Table 2 presents the distribution of Quality and Outcomes Framework indicator attainment and National Diabetes Audit process completion by the number of indicators/processes met. HbA1c, blood pressure and cholesterol Quality and Outcomes Framework indicators were achieved by 55,022 (65.2%), 49,124 (58.2%) and 63,603 (75.3%) adults, respectively; 27,880 (33.0%) met all three indicators, with slightly more (n = 33,348, 39.5%) achieving two indicators. There were 4819 (5.7%), 3327 (3.9%) and 7780 (9.2%) individuals who did not have a measurement for HbA1c, blood pressure and cholesterol, respectively, Quality and Outcomes Framework indicators during the exposure period and were considered as not attaining the respective indicator.
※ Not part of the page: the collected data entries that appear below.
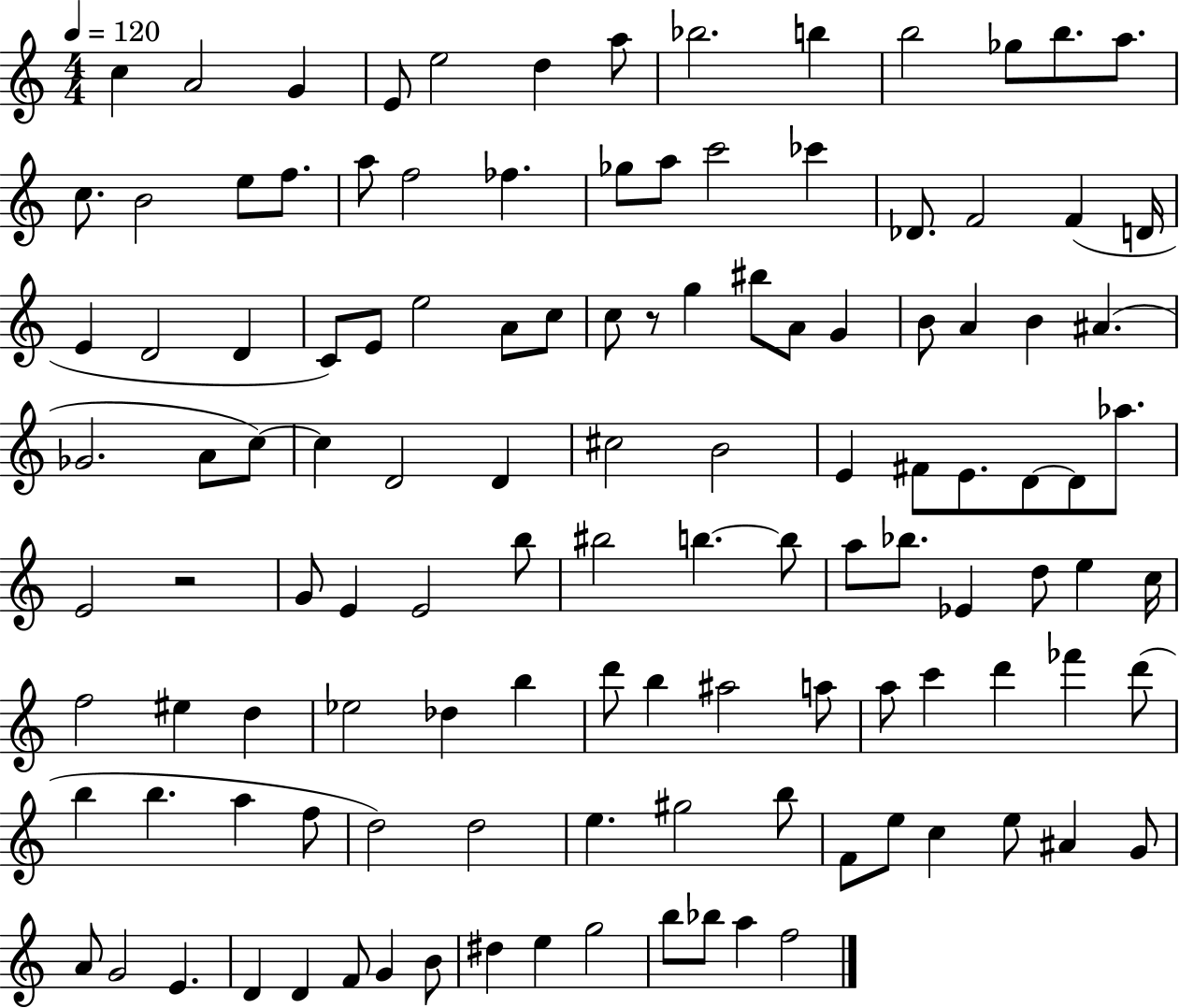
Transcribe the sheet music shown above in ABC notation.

X:1
T:Untitled
M:4/4
L:1/4
K:C
c A2 G E/2 e2 d a/2 _b2 b b2 _g/2 b/2 a/2 c/2 B2 e/2 f/2 a/2 f2 _f _g/2 a/2 c'2 _c' _D/2 F2 F D/4 E D2 D C/2 E/2 e2 A/2 c/2 c/2 z/2 g ^b/2 A/2 G B/2 A B ^A _G2 A/2 c/2 c D2 D ^c2 B2 E ^F/2 E/2 D/2 D/2 _a/2 E2 z2 G/2 E E2 b/2 ^b2 b b/2 a/2 _b/2 _E d/2 e c/4 f2 ^e d _e2 _d b d'/2 b ^a2 a/2 a/2 c' d' _f' d'/2 b b a f/2 d2 d2 e ^g2 b/2 F/2 e/2 c e/2 ^A G/2 A/2 G2 E D D F/2 G B/2 ^d e g2 b/2 _b/2 a f2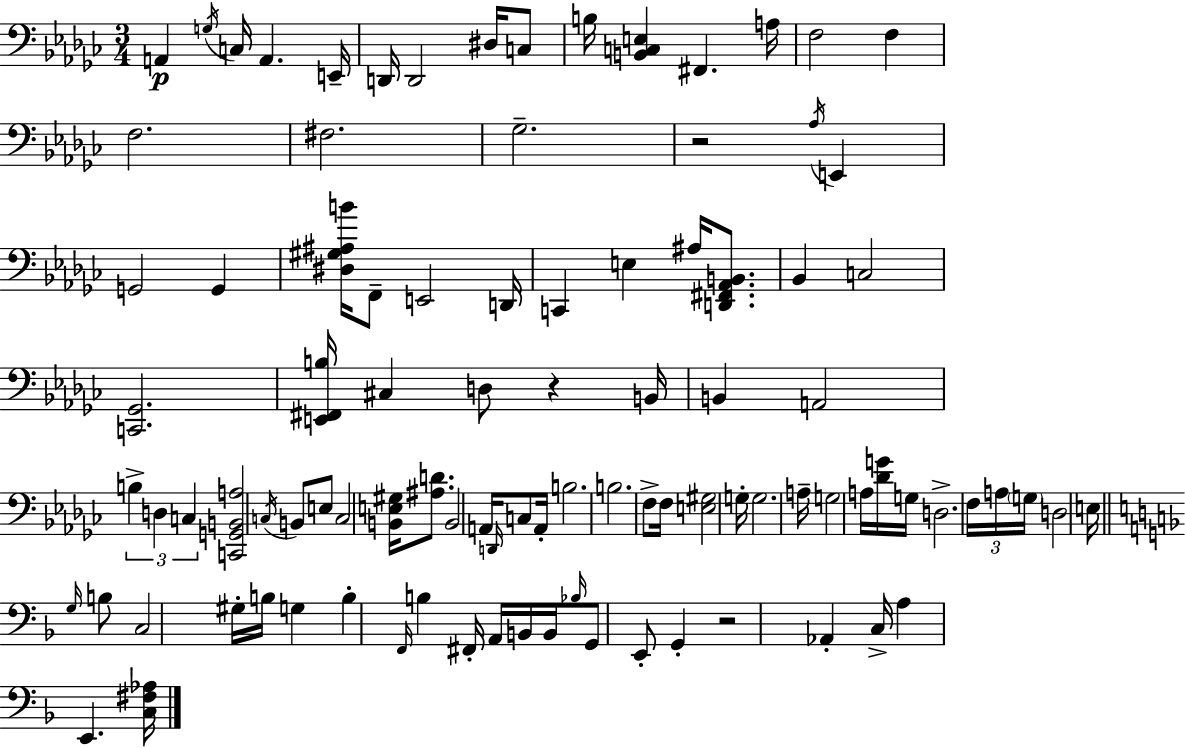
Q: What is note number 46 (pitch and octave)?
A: A2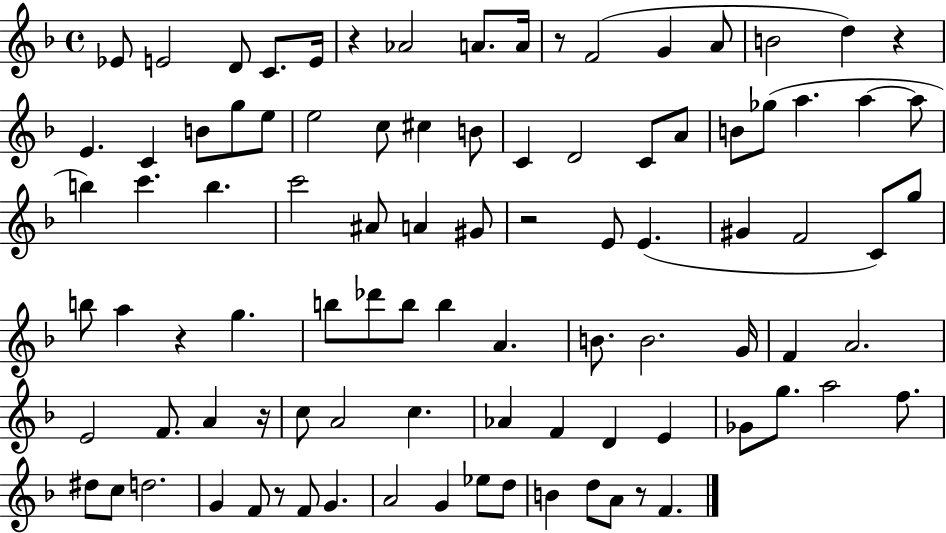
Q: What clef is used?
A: treble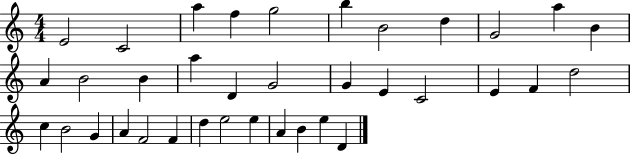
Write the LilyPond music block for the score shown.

{
  \clef treble
  \numericTimeSignature
  \time 4/4
  \key c \major
  e'2 c'2 | a''4 f''4 g''2 | b''4 b'2 d''4 | g'2 a''4 b'4 | \break a'4 b'2 b'4 | a''4 d'4 g'2 | g'4 e'4 c'2 | e'4 f'4 d''2 | \break c''4 b'2 g'4 | a'4 f'2 f'4 | d''4 e''2 e''4 | a'4 b'4 e''4 d'4 | \break \bar "|."
}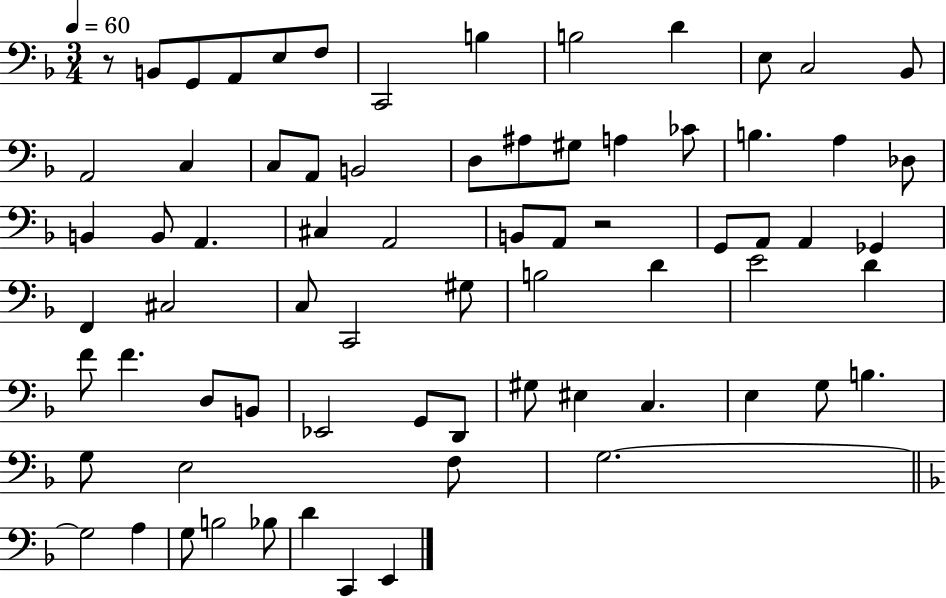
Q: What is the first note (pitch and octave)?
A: B2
Among National Diabetes Audit processes completed, the range was from 55,253 (65.4%; retinal screening) to 81,114 (96.1%; blood pressure screening). Although fewer than half (n = 35,688, 42.3%) completed all nine National Diabetes Audit processes, most (n = 71,227, 84.4%) completed 7–9 processes.

Table 2.

Number (%) of individuals who attained each of the QOF indicators and NDA processes (columns) by the number of QOF indicators met or NDA processes completed (rows).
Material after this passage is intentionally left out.